Silvertone, Hofner, Kay, Teisco and Airline — this is the stuff of gear-geek wet dreams.

By Arts & Culture, Uncategorized

Dum Dum Girls

Photo by Brandon Goei

Silvertone, Hofner, Kay, Teisco and Airline — this is the stuff of gear-geek wet dreams.  If you haven’t heard of these vintage musical instrument companies, don’t feel bad — most of them haven’t been manufactured in 40 years (with the exception of Hofner, who still enjoys some Beatle-based fame).  Caveats aside, it’s still impressive that all of these names were onstage with the Dum Dum Girls this Friday at the Empty Bottle.

These days, you hardly ever see a major band onstage without at least one or more of the standard stable of guitar brand names (Fender, Gibson and their respective subsidiaries).  This was not the case with the Dum Dum Girls, and it stated something very clearly: that this is a band rooted wholly in that past.  Those instruments are a calling card for an entirely different era than our own — one where warm tones are for suckers and every song waxes romantic about love lost and found.  The band has this sentiment down to a science with their “Baby’s in Black” outfits and four-part harmonies, but it was often hard to get a feel for how honest it all was.  We always look back at music in the early 60s as being so naive, but was it really always so calculated?

Dum Dum Girls

Photo by Brandon Goei

The performance was spot on, with all four members pulling their weight.  Jules, lead guitarist, has improved vastly since last year’s “I Will Be”-based tour and Sandy, drummer, seemed the most talented onstage, proficient and poignant, while providing an anchor for the band.  What seems to be the point of contention between all the band’s fans is their studio output — DDG’s 2010 album “I Will Be” was a gritty album of double-time garage rock, while the band’s latest output, “Only in Dreams,” encompasses a more clean and shimmery pop feel.  It seems like something not easily perceived in a live set, but it was — even the old songs sounded less tinny and more polished.  The the star of the show wasn’t the energy — it was the songs themselves, which managed to distance the band from their roots in the girl group and lo-fi movements and pushed them further towards straightforward old-school pop.

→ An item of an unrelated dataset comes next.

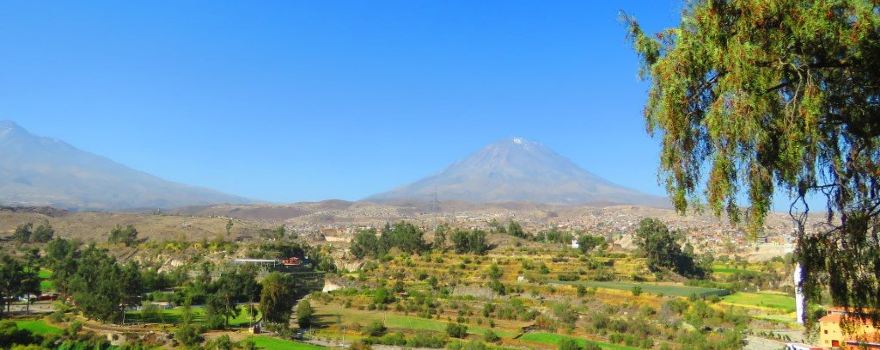 Carmen Alto viewpoint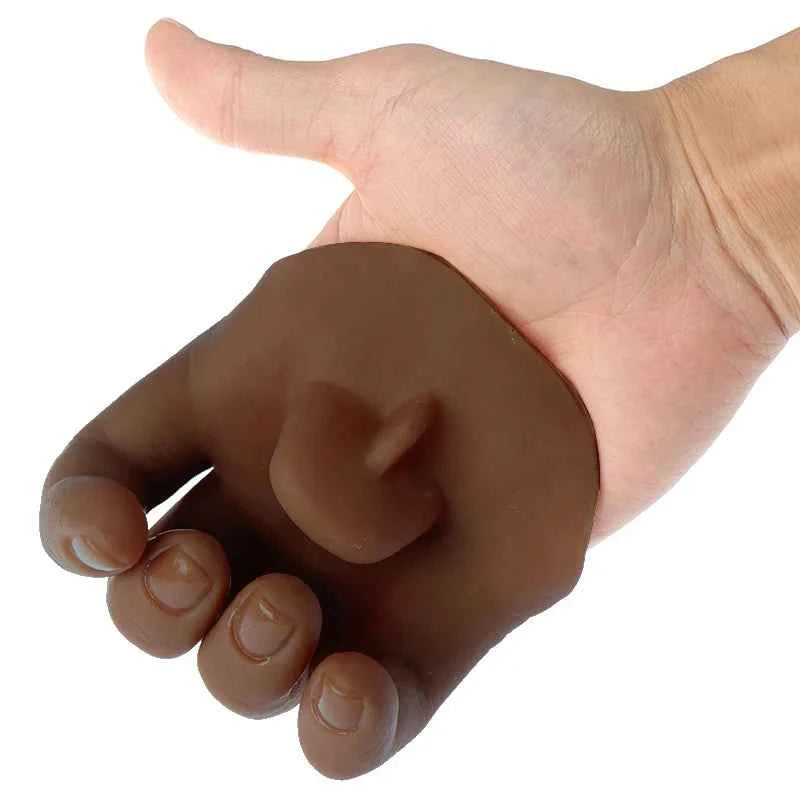 Hot! 1PCS Third Hand Magic Props - Fake Hand for Magical Tricks and Classic Toys - Big Tim's Magic Emporium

Whether this is good or bad, it’s hard to tell.  Loyal fans of frontwoman Dee Dee (née Kristen Gundred) will recall her previous work in Grand Ole Party, which was something of a Yeah Yeah Yeahs-inspired skeletal blues/funk/rock project — in other words, nothing like Dum Dum Girls.  That band lacked the kind of stage presence that early DDG performances commanded from their audience, just as maybe the latter lacked the focus and precision that “Only in Dreams”-era DDG achieves so solidly.  It’s hard to criticize a band for growing and learning, especially if it’s in a direction that furthers their songwriting and technical skill.

Production politics aside, the band’s performance was a solid one, though maybe not as engaging as it could be.  The setlist, laid directly in front of the crowd and printed in bolded, unable-to-ignore Helvetica, probably had something to do with the lack of tension and surprise, but if anything, the single-song encore made up for it.  Ending with the slow-burner “Coming Down” absolutely brought the Empty Bottle alive with memories of prom night waltzes and Bic-fueled dreams.  Instead of the typical “set fire to the stage” encore that most bands employ, Dee Dee belted a pair of fanfare-inducing high notes and Jules lit up the crowd with a barn-burning solo — Dum Dum Girls chose wisely to gently turn their crowd toward a windy Chicago night.